▶ [Work required]: Line by line, copy the data below exactly.

▶ [Given material]:
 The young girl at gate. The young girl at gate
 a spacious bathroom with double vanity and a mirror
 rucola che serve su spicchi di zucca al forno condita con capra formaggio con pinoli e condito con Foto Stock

▶ [Result]:
 The young girl at gate. The young girl at gate
 a spacious bathroom with double vanity and a mirror
 rucola che serve su spicchi di zucca al forno condita con capra formaggio con pinoli e condito con Foto Stock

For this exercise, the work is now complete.